BY: And for me, it was not clear to us what we signed up for, or what turned out to be doable, because the hospital didn't want to receive the PPEs and we couldn't find the makers to make them. Whatever we do, without the positive impact, we can still say we tried. But one thing was clear in my mind was that the database we curated would be very useful. So I said very early on, that the minimum contribution we can make is to curate this data repository. That's why, if you look at the title, data repository was in the title of the paper. And I felt like that's a contribution already. With all the previous work I have done, data is always a problem and I feel a lot of people might be doing similar things. So if we could help all the other teams to do their job, even if we couldn't push very far—in the end, that we did too—I felt that there was enough contribution.
XLM: Yes, well, thank you again for sending the paper. I want to follow up on that, as well. You may remember that initially I reached out to you about potentially writing a paper. At the time, you were way too busy. You were not really thinking about putting together an article. So, what really helped you to actually put together this article? Writing an article is another task, and for this kind of a project it’s not easy at all, with so many moving pieces and so many people involved. How did you organize this article itself? That’s a useful lesson for the data science community as well.

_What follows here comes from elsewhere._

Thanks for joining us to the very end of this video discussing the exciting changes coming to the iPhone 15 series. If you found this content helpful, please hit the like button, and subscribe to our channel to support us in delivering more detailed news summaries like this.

BY: So what happened was that, after we had data, we had a discussion of what to try to predict. We went for the death count instead of the case number, because the case number especially in the beginning really relied on how many tests were done. It was very rare. Now it may be more stabilized, and we can kind of adjust, whatever. For the death count, the highest granularity we can get is at the county level, and we had to impute to the hospital level with the number of employees. So that’s what we felt the best we can do for the goal we had in mind.
Then the modeling team—Nick Altieri and Xiao Li—would just try out so many different ways to do the prediction and develop multiple methods. So, this is—if you talk about stability—not just try to find one generative model. We were very engineering, machine learning, and signals processing, and build on some earlier work I did 10 years ago at Bell Labs trying to combine different audio signal predictors. So, that was handy. We know how to combine. I would say I know how to combine bunch of predictors. And then Chandan, my deputy, just started on his own to build a website. He’s really, really handy. Old friends of CS. He could just build a website.

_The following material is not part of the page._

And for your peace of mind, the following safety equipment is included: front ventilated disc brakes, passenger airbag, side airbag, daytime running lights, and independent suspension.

And then we started putting our predictions on the website. Now I felt compelled that we had to explain what we did. Even with shared codes, it’s not that accessible. You cannot ask everyone to read the code to know. And there were a lot of other teams putting out predictions that frustrated us because we didn't know how they did their predictions. I thought, we have to make our algorithm transparent and reproducible and a paper has to go with the code, because code itself is not enough. And then I remembered your invitation. So I went back to you saying that "Now I'm actually writing a paper. Would you be interested?"
XLM: Well, of course, I was extremely happy to hear that, but you also know that the reviewers did give you guys quite a bit of work, asking this and that and quite a bit, which is obviously expected. That's what the reviewers do. And I have to say that editing this special issue itself gave me a lot of respect to both the authors and the reviewers. Everybody was working so hard and under very stringent time constraints, and putting in a lot of effort. I want to you talk a little bit about that, because, as I said, the reviewers asked a lot of questions and we actually went through multiple rounds. How did your students, your co-authors, react to this kind of criticisms, because some of them were pretty strong? I won't say there were harsh, but they were pretty demanding. How did you organize a team to respond to all those things, making this process of revising the article also a learning experience for your students?
BY: So basically, the project had kind of two phases. The first was to get the data, get something done, put up the website, write something to document it, so we submitted the paper. Before that, I’d already brought in my book co-author, Rebecca Barber, who is not engaged very much in the modeling data stage, but I brought her in as the lead writer. Many people contributed, but she was the one who helped organize things and people contributed different parts, and that was very crucial.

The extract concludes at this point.